Software conformity verification is a nightmare for industry. People tend to forget that industrial machinery (engines, boilers, production line plant, switchgear, generators) is now full of devices with embedded software, much of which is networked for performance monitoring and optimization. That's in addition to platform and process management systems. Modern engines use full authority digital engine control systems (and have done for many years) which relies on a lot of those sensors and instruments.

 

known as OT, this is still a wild west as often its manufacturer bespoke software and using closed if not proprietary rather than standard industry protocols. It makes customers beholden to the hardware vendor throughout the life of the asset and is basically vendor lock in for support too. There are established protocols for accessing data points from data collectors (modbus, opc, bacnet etc etc) and better hardware vendors will offer open access software or integration points (api etc).

 

2 hours ago, jjb1970 said:

 

That wasn't so concerning for me when key safety functions still had electro-mechanical protection which would operate if software based systems failed. It was more concerning when manufacturers of big engines, boilers etc wanted to go to all software based protection and struggled to answer questions. I was in a meeting where one gas turbine manufacturer was doing the 'trust us' thing, we use the same system on our jet engines for airliners so it is obviously tip top. Which backfired when the MoD technical authority asked if that was the same engine that had recently came close to causing a total loss when an engine protection system failed to function. Have another go.

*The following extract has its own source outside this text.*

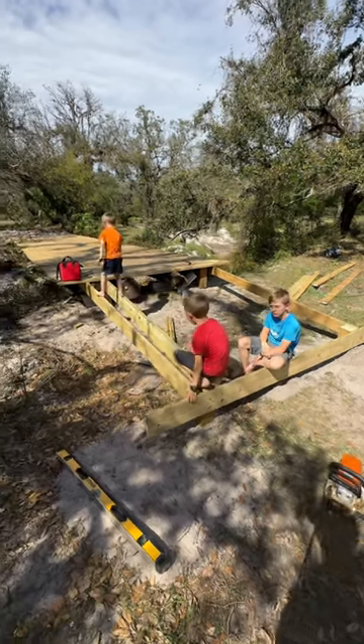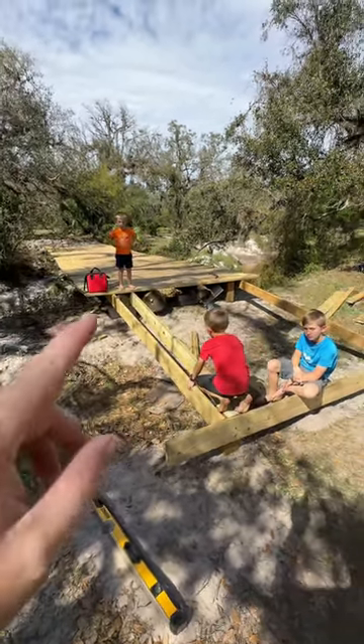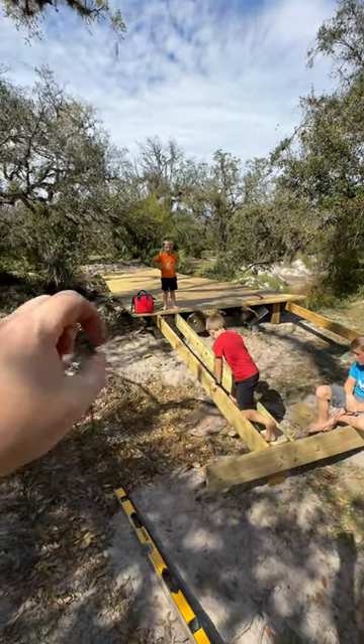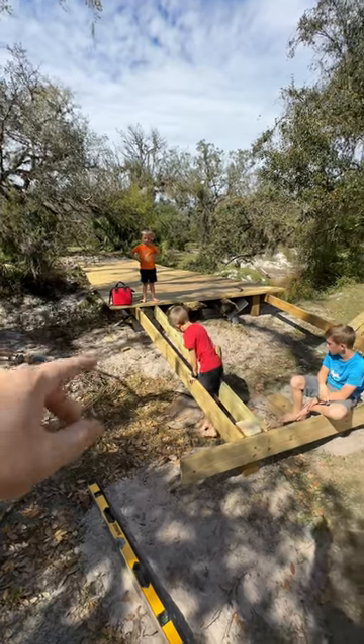Since almost everyone said to build a ramp, we decided we're going to build the ramp over here. We built this telephone pole bridge here across the creek. You can check out a couple videos previously to see how we did it.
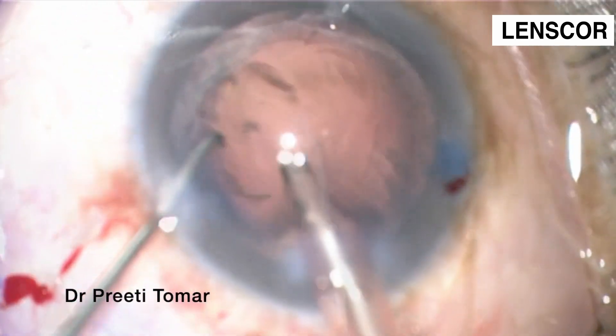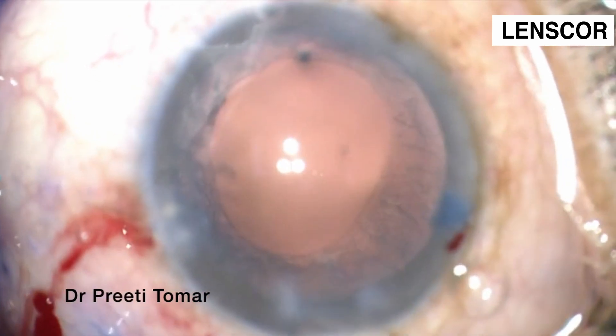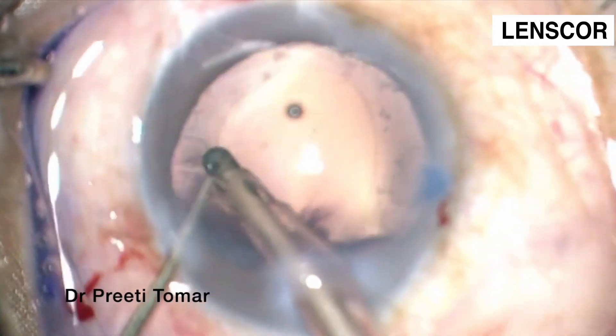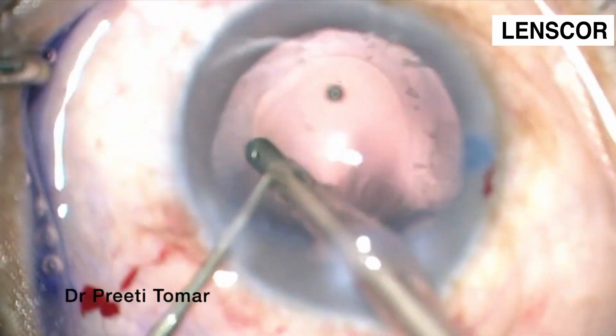We straight away proceed to irrigation and aspiration to remove the cortical matter. We found the cortical matter very sticky and try to remove as much as possible.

Whats scary is the industry is much like the rest of us… they buy new IT but instead of throwing the old away much of it is repurposed for less “front line” duties.

 

At this point the documentation starts becoming more opaque as the write down has happened but the assets still burning kw to creating heat for purposes known only to a few.

 

Inevitably the house clean up event arrives (shut down a facility, move to cloud, tech refresh etc) and no one knows what does what… at which point no one wants to take the risk of shutting it down.

 

one thing that may come of this Crowdstrike event is the final shut down of some random IT..if no ones screaming next month and its still blue screened then it maybe time to explore potential savings by disposal.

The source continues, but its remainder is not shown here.